I am happy to report in this week's Monument Monday the failure of another group of malcontents to remove another threatened statue of a Nineteenth Century hero, this time not a Confederate but Boy General of the Civil War George Armstrong Custer in his adopted hometown, Monroe Michigan. According to a very boring local report I happened to see linked on the Yahoo! homepage, a motion to remove it was recently defeated by a 3 - 3 vote of the City Council with one member absent. It said that with the motion brought forward and voted upon with only a tie vote it was dead.

View attachment 427349

Of course the subject of the statue, entitled Sighting the Enemy, is the twentysomething Major General of U. S. Volunteers at the head of either the Michigan Cavalry Brigade or perhaps his later Third Division of Phil Sheridan's Cavalry Corps and not the "controversial" leader of the Seventh Cavalry Regiment of the wars against the Sioux, Cheyenne, and Arapaho who allegedly sought unsuccessfully to have it removed.

View attachment 427350

Oddly enough, if successful this would not have been the first time the statue would have been moved.
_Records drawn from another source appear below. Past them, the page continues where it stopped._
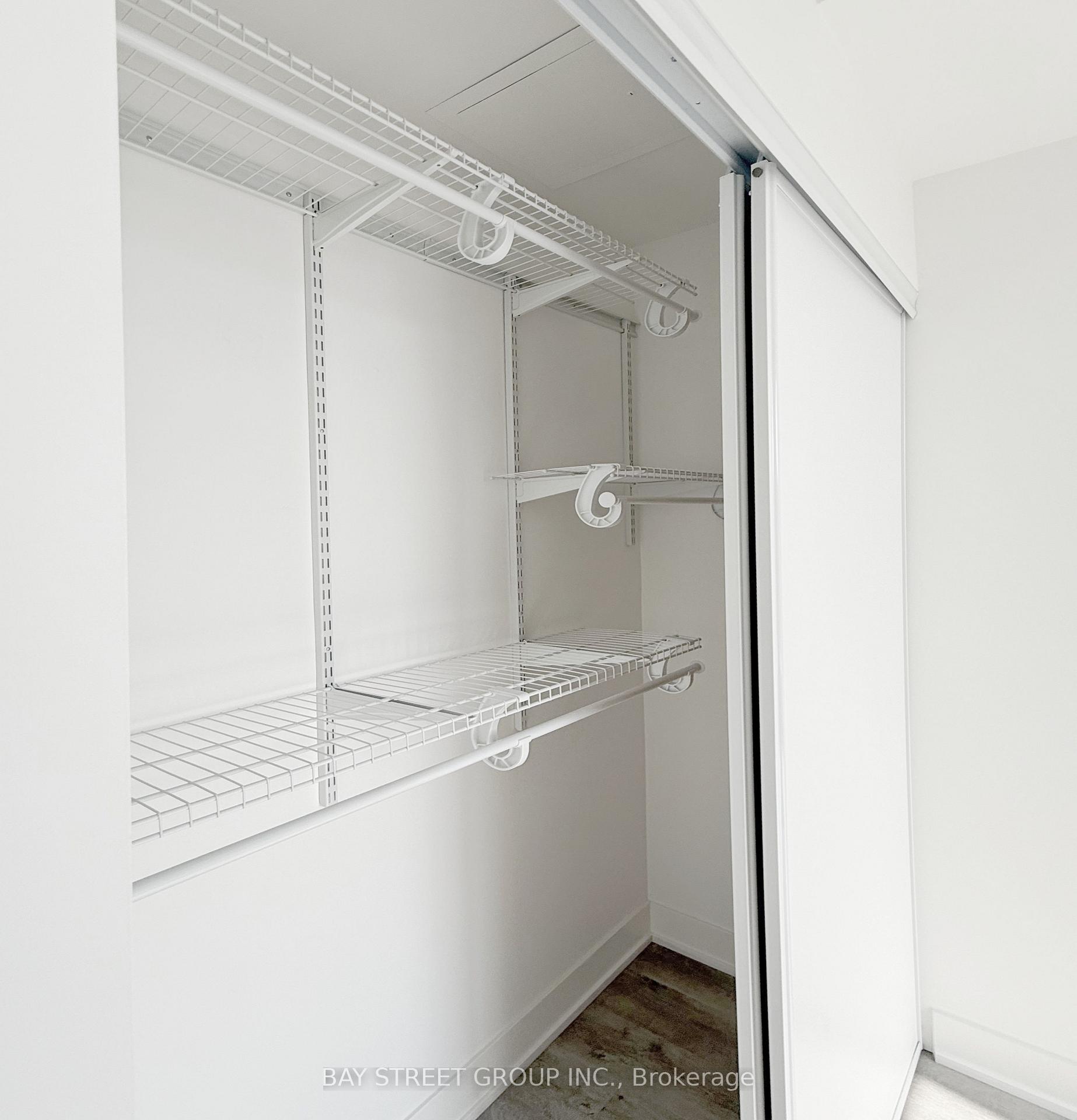 Photo 12 of 38 Andre De Grasse Street, Markham, Unionville — HOMEH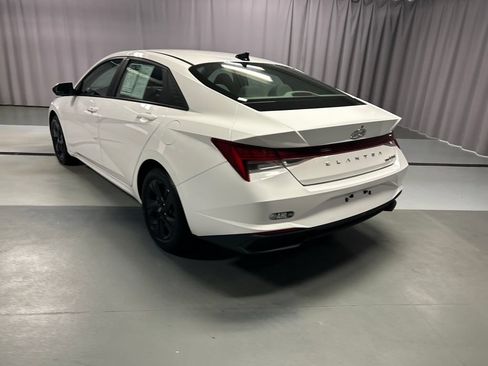 Used 2023 Hyundai Elantra Blue FWD image 5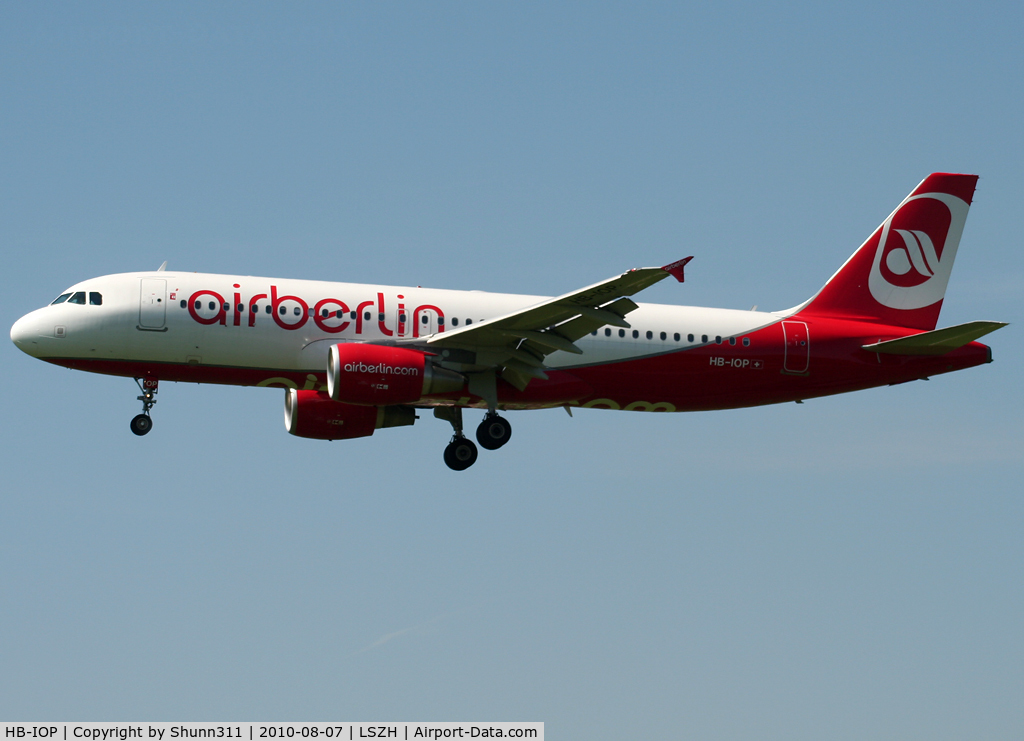 HB-IOP, 2010 Airbus A320-214 C/N 4187, Landing rwy 14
Originally it had been erected in 1910 in the center of an intersection where in the beginnings of the Automobile Age it was considered a public nuisance. From there it was later in the 1950s relocated to the riverside park where it still stands and hopefully will continue to stand for some time to come.

View attachment 427351

For those who seek to "contextualize" (read: denigrate where they for some reason or other cannot destroy) all such monuments and statuary as this, it already has plenty, although likely not what the detractors and naysayers have in mind!

View attachment 427352
Thanks for the update on the removal proposal.